Exercise aim:
What is needed is an exact repeat of the lines from the line containing "OG Goldline Square" through the final line of the entries below, and nothing else.

The input:

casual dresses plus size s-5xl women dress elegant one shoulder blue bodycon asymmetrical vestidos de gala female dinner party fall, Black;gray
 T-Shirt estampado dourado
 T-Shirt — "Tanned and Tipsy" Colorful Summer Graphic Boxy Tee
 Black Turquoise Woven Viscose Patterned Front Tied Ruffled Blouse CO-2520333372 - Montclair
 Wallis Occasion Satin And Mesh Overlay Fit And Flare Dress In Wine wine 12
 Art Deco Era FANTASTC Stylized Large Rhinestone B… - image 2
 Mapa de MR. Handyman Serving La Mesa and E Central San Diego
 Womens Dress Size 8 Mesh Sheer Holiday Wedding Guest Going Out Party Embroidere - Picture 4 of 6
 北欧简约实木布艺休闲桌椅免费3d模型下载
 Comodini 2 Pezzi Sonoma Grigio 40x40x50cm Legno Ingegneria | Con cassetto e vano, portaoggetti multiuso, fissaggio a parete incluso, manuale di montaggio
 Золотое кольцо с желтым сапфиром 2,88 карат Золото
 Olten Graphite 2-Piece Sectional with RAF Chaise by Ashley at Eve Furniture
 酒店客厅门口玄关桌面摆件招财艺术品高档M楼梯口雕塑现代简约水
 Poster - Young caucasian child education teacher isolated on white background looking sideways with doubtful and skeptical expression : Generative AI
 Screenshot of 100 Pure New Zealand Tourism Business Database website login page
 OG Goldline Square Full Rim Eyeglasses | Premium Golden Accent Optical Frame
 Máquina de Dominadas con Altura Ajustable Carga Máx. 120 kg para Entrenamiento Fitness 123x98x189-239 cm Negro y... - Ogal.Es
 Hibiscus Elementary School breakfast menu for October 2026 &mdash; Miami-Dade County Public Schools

Task response:
 OG Goldline Square Full Rim Eyeglasses | Premium Golden Accent Optical Frame
 Máquina de Dominadas con Altura Ajustable Carga Máx. 120 kg para Entrenamiento Fitness 123x98x189-239 cm Negro y... - Ogal.Es
 Hibiscus Elementary School breakfast menu for October 2026 &mdash; Miami-Dade County Public Schools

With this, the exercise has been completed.